EXERCISE MATERIAL:
--*--
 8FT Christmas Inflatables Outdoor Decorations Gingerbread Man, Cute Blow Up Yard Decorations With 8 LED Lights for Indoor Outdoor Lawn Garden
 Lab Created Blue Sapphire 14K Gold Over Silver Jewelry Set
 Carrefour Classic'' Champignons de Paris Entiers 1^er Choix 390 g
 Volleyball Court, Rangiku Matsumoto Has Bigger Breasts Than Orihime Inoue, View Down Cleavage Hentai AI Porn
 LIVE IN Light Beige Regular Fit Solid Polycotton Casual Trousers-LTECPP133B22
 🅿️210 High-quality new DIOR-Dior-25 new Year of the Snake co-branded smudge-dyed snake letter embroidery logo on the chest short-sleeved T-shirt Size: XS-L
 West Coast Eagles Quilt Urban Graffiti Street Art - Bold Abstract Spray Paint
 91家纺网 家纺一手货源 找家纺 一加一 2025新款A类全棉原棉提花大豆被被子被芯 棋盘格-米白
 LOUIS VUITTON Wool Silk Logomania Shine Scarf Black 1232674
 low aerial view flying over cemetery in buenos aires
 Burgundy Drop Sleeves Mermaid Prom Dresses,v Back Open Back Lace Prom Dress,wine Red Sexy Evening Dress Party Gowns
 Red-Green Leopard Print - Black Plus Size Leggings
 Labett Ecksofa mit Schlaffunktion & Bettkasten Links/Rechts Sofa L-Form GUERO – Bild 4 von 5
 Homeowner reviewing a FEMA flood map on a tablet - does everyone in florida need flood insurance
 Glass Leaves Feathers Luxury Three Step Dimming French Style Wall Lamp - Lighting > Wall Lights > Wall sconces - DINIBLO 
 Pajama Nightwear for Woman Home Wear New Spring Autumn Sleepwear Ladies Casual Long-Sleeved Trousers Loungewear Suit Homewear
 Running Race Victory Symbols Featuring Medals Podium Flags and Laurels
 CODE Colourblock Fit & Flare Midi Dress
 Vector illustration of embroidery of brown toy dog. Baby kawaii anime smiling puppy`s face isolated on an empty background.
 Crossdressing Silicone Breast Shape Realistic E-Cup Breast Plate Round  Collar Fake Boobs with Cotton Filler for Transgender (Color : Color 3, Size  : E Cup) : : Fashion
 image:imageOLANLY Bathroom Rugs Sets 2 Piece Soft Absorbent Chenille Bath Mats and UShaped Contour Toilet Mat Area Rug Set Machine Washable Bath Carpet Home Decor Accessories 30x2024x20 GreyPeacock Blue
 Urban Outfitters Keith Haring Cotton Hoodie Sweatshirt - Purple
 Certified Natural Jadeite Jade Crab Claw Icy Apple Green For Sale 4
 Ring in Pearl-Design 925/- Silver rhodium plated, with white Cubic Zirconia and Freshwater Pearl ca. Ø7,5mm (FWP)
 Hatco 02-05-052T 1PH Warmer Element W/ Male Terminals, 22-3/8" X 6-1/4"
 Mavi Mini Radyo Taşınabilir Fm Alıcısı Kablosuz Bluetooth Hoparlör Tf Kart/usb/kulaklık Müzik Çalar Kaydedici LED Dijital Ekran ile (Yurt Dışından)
--*--
PROBLEM REQUIREMENTS: Set down the listing above in full, please, exactly as it appears.

REPLY TO THE TASK:
 8FT Christmas Inflatables Outdoor Decorations Gingerbread Man, Cute Blow Up Yard Decorations With 8 LED Lights for Indoor Outdoor Lawn Garden
 Lab Created Blue Sapphire 14K Gold Over Silver Jewelry Set
 Carrefour Classic'' Champignons de Paris Entiers 1^er Choix 390 g
 Volleyball Court, Rangiku Matsumoto Has Bigger Breasts Than Orihime Inoue, View Down Cleavage Hentai AI Porn
 LIVE IN Light Beige Regular Fit Solid Polycotton Casual Trousers-LTECPP133B22
 🅿️210 High-quality new DIOR-Dior-25 new Year of the Snake co-branded smudge-dyed snake letter embroidery logo on the chest short-sleeved T-shirt Size: XS-L
 West Coast Eagles Quilt Urban Graffiti Street Art - Bold Abstract Spray Paint
 91家纺网 家纺一手货源 找家纺 一加一 2025新款A类全棉原棉提花大豆被被子被芯 棋盘格-米白
 LOUIS VUITTON Wool Silk Logomania Shine Scarf Black 1232674
 low aerial view flying over cemetery in buenos aires
 Burgundy Drop Sleeves Mermaid Prom Dresses,v Back Open Back Lace Prom Dress,wine Red Sexy Evening Dress Party Gowns
 Red-Green Leopard Print - Black Plus Size Leggings
 Labett Ecksofa mit Schlaffunktion & Bettkasten Links/Rechts Sofa L-Form GUERO – Bild 4 von 5
 Homeowner reviewing a FEMA flood map on a tablet - does everyone in florida need flood insurance
 Glass Leaves Feathers Luxury Three Step Dimming French Style Wall Lamp - Lighting > Wall Lights > Wall sconces - DINIBLO 
 Pajama Nightwear for Woman Home Wear New Spring Autumn Sleepwear Ladies Casual Long-Sleeved Trousers Loungewear Suit Homewear
 Running Race Victory Symbols Featuring Medals Podium Flags and Laurels
 CODE Colourblock Fit & Flare Midi Dress
 Vector illustration of embroidery of brown toy dog. Baby kawaii anime smiling puppy`s face isolated on an empty background.
 Crossdressing Silicone Breast Shape Realistic E-Cup Breast Plate Round  Collar Fake Boobs with Cotton Filler for Transgender (Color : Color 3, Size  : E Cup) : : Fashion
 image:imageOLANLY Bathroom Rugs Sets 2 Piece Soft Absorbent Chenille Bath Mats and UShaped Contour Toilet Mat Area Rug Set Machine Washable Bath Carpet Home Decor Accessories 30x2024x20 GreyPeacock Blue
 Urban Outfitters Keith Haring Cotton Hoodie Sweatshirt - Purple
 Certified Natural Jadeite Jade Crab Claw Icy Apple Green For Sale 4
 Ring in Pearl-Design 925/- Silver rhodium plated, with white Cubic Zirconia and Freshwater Pearl ca. Ø7,5mm (FWP)
 Hatco 02-05-052T 1PH Warmer Element W/ Male Terminals, 22-3/8" X 6-1/4"
 Mavi Mini Radyo Taşınabilir Fm Alıcısı Kablosuz Bluetooth Hoparlör Tf Kart/usb/kulaklık Müzik Çalar Kaydedici LED Dijital Ekran ile (Yurt Dışından)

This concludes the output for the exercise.